Question

The length of a rod increases from 50 cm to 50.12 cm, when its temperature is increased from 12 °C to 212 °C. Calculate its coefficient of liner expansion.

Answer 1

Initial length of rod, $\sf{L_1=50\ cm}$

Final length of rod, $\sf{L_2=50.12\ cm}$

Change in length of rod,

$\sf{\longrightarrow \Delta L=L_2-L_1}$

$\sf{\longrightarrow \Delta L=50.12\ cm-50\ cm}$

$\sf{\longrightarrow \Delta L=0.12\ cm}$

Initial temperature, $\sf{T_1=12^oC}$

Final temperature, $\sf{T_2=212^oC}$

Change in temperature,

$\sf{\longrightarrow \Delta T=T_2-T_1}$

$\sf{\longrightarrow \Delta T=212^oC-12^oC}$

$\sf{\longrightarrow \Delta T=200^oC}$

or,

$\sf{\longrightarrow \Delta T=200\ K}$

(°C and K are considered same in case of temperature difference.)

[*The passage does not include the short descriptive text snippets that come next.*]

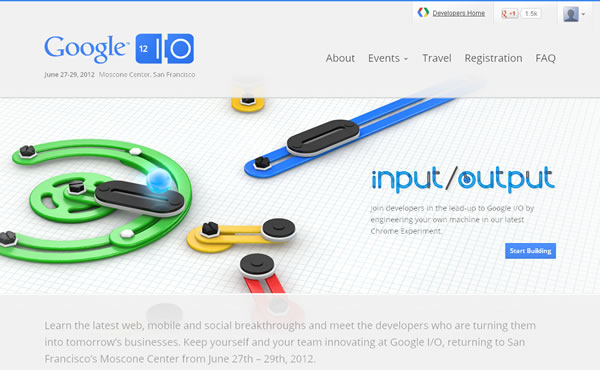 Google I/O(input-output) 機械組合遊戲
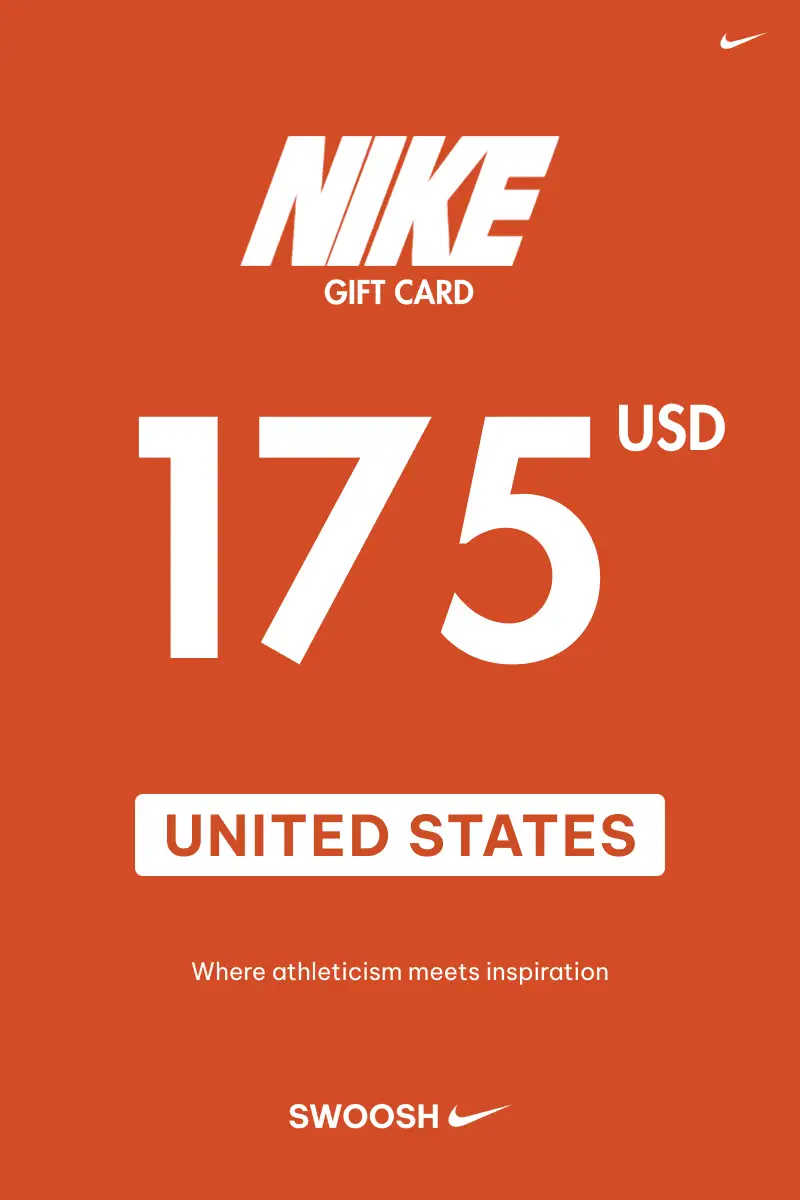 Nike 175 USD Gift Card (United States) - Digital Key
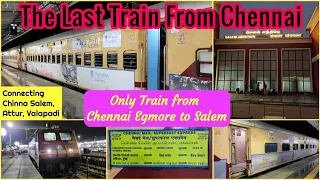 🚂SALEM SUPERFAST EXPRESS TRAVEL VLOG!!!Chennai Egmore to Salem|Only Train in this route|Naveen Kumar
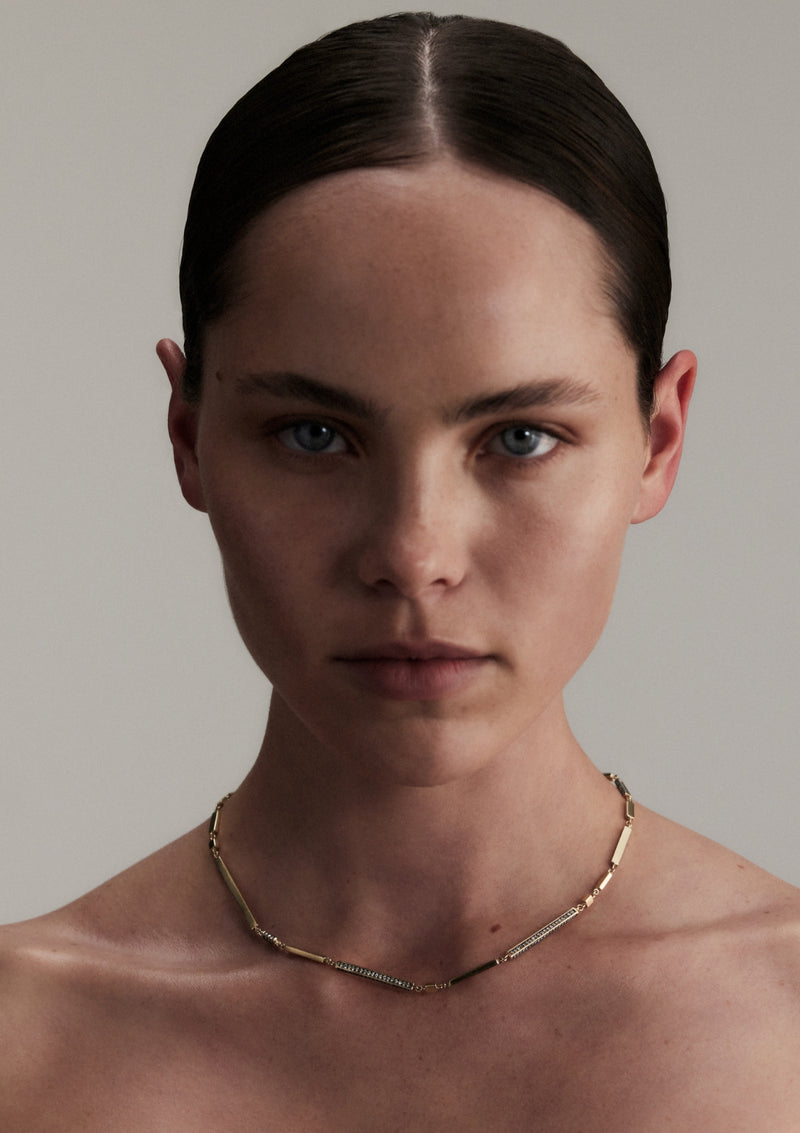 Diamond Matchstick Necklace - hover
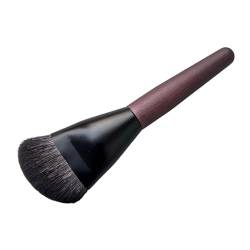 Sharplace Abgewinkelter Make-up-Pinsel, Gesichts-Highlighter-Pinsel, ergonomischer Griff, bequemer Wangenknochen-Pinsel, Rouge-Pinsel für Freundin, Mädchen, SCHWARZ von Sharplace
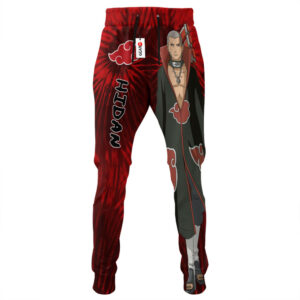 Hidan Joggers Custom Anime Akatsuki Sweatpants Tie Dye Style 7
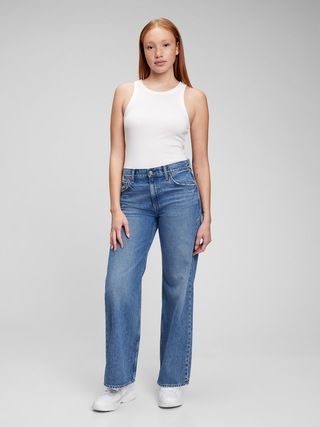 Low Rise Stride Jeans with Washwell | Gap (US)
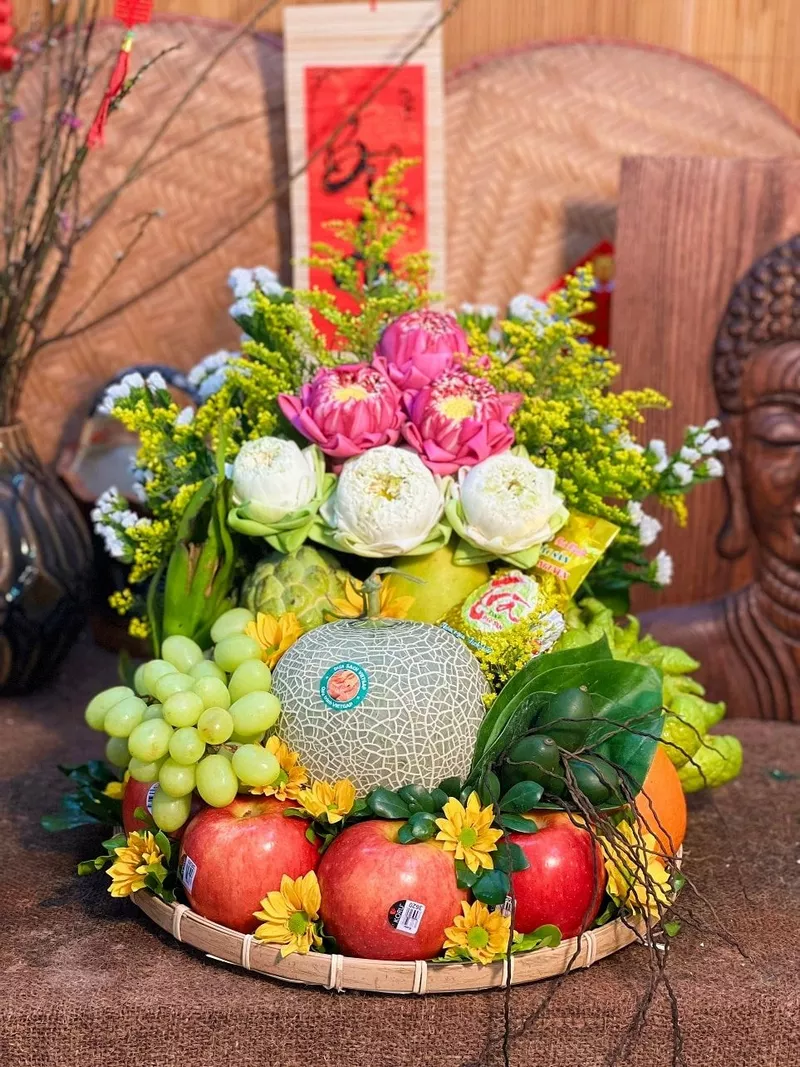 mâm ngũ quả ngày tết 2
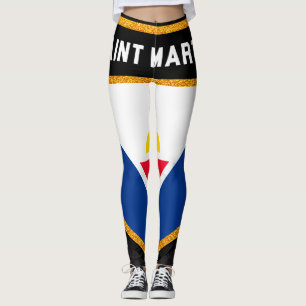 Saint Martin Flagga Leggings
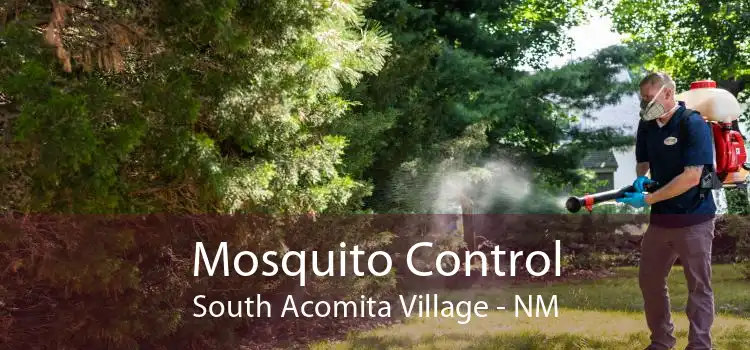 Mosquito Control South Acomita Village - NM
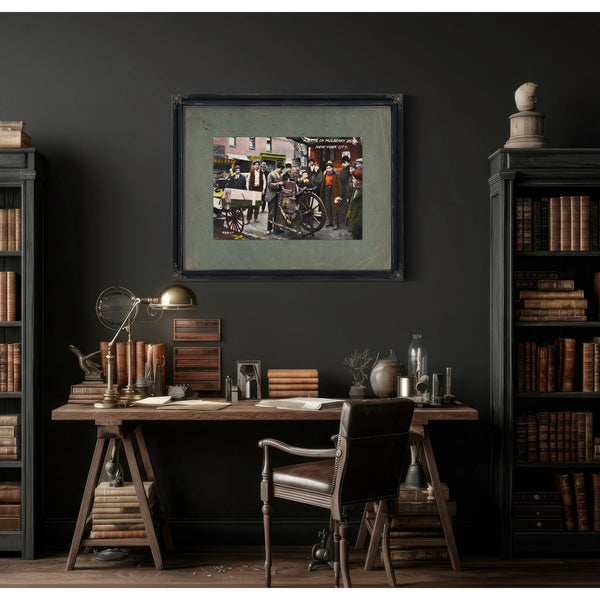 The Huddled Masses of Mulberry Bend — Framed Wall Art Room View | Bella Frye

We know change in length is given by,

$\sf{\longrightarrow \Delta L=L_1\alpha\,\Delta T}$

Then coefficient of linear expansion is,

$\sf{\longrightarrow \alpha=\dfrac{\Delta L}{L_1\ \Delta T}}$

$\sf{\longrightarrow \alpha=\dfrac{0.12}{50\times200}}$

$\sf{\longrightarrow\underline{\underline{\alpha=1.2\times10^{-5}\ K^{-1}}}}$